> [WORK REQUEST] The whole listing below needs to be duplicated exactly, pictures aside.

> [DATASET EXTRACT]
===============

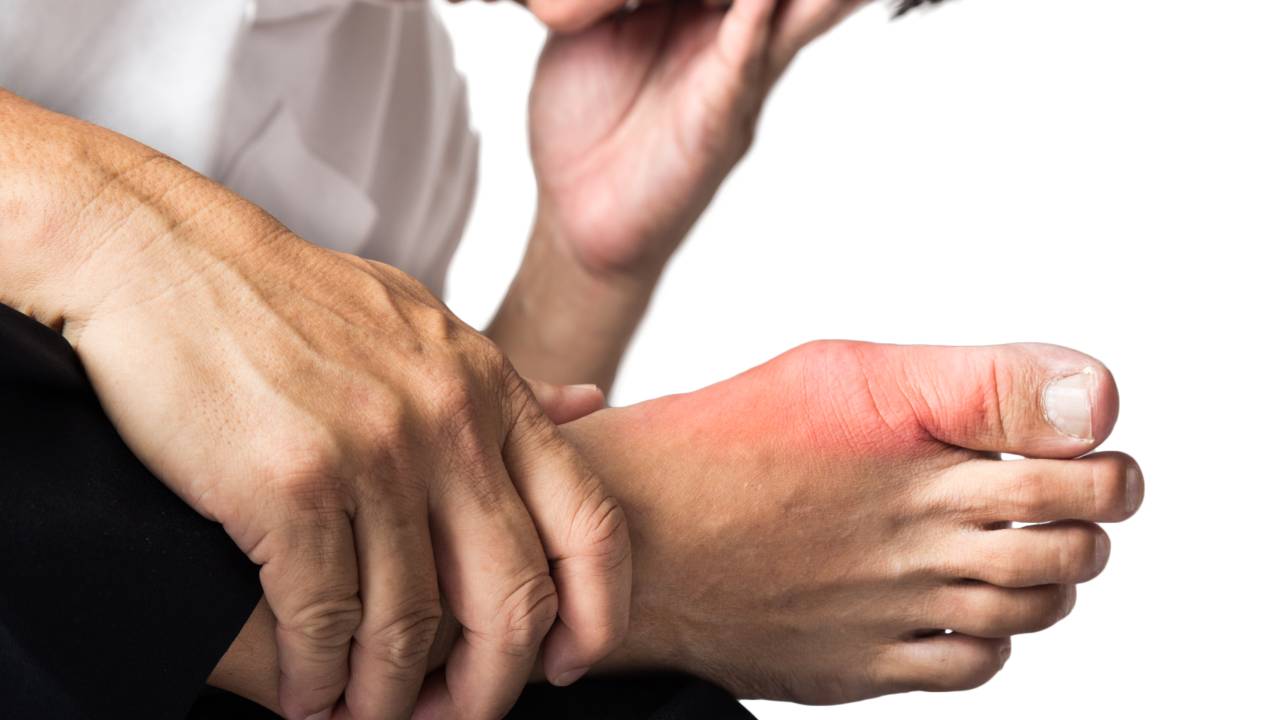 Gout Attack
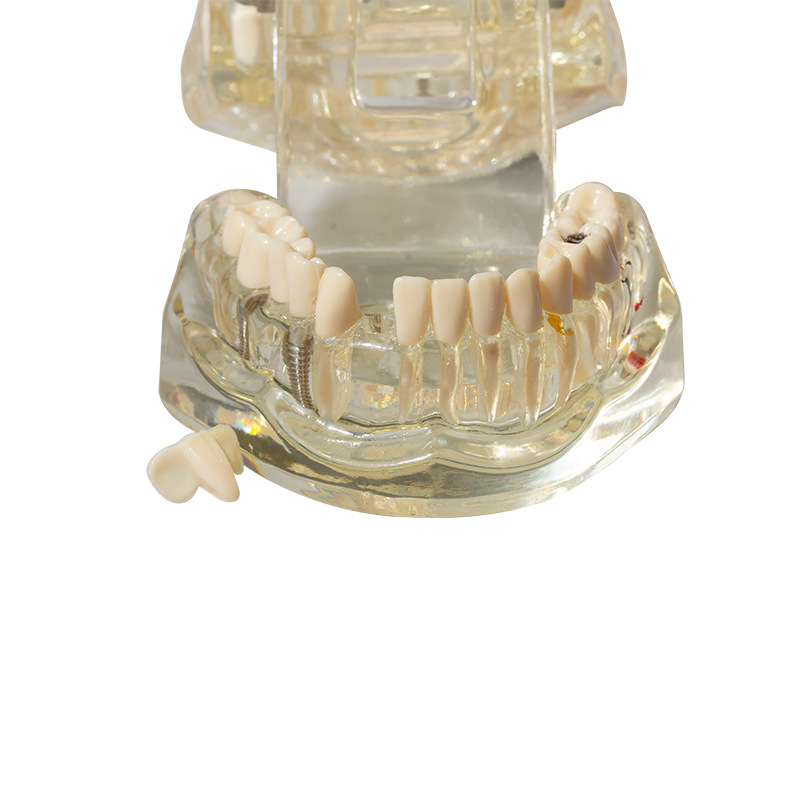 Modelo de implante dental, modelo dental patológico, modelo oral desmontable, modelo de explicación de puente, protección dental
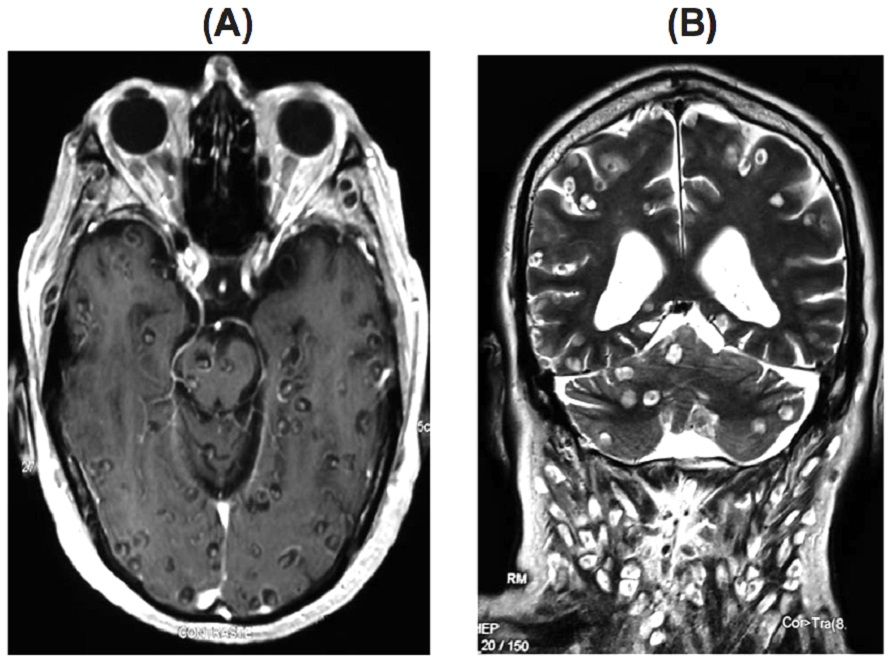 Carne de cerdo infectada con cisticercosis. Resonancia magntica donde se aprecian los mltiples quistes en el cerebro (Neurocisticercosis).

===============

> [REPLY TO THE TASK]
 Gout Attack
 Modelo de implante dental, modelo dental patológico, modelo oral desmontable, modelo de explicación de puente, protección dental
 Carne de cerdo infectada con cisticercosis. Resonancia magntica donde se aprecian los mltiples quistes en el cerebro (Neurocisticercosis).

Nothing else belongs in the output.